Beginning at the line containing "Net Neutral Canvas Print Net" in the material below and ending at the line containing "PANTALLA PARA PROYECTOR 120 OB-PF120", return each line exactly and add nothing.
DATA PROVIDED section start
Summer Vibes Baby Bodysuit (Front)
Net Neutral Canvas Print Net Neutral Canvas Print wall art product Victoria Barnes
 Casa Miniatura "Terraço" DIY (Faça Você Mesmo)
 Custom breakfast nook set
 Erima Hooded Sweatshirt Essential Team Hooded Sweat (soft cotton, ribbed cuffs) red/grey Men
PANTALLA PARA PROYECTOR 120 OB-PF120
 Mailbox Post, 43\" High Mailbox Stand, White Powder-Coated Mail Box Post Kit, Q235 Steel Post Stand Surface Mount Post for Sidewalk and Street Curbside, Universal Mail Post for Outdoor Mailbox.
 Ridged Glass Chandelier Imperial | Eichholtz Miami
DATA PROVIDED section end
**COMPLETED EXERCISE**
Net Neutral Canvas Print Net Neutral Canvas Print wall art product Victoria Barnes
 Casa Miniatura "Terraço" DIY (Faça Você Mesmo)
 Custom breakfast nook set
 Erima Hooded Sweatshirt Essential Team Hooded Sweat (soft cotton, ribbed cuffs) red/grey Men
PANTALLA PARA PROYECTOR 120 OB-PF120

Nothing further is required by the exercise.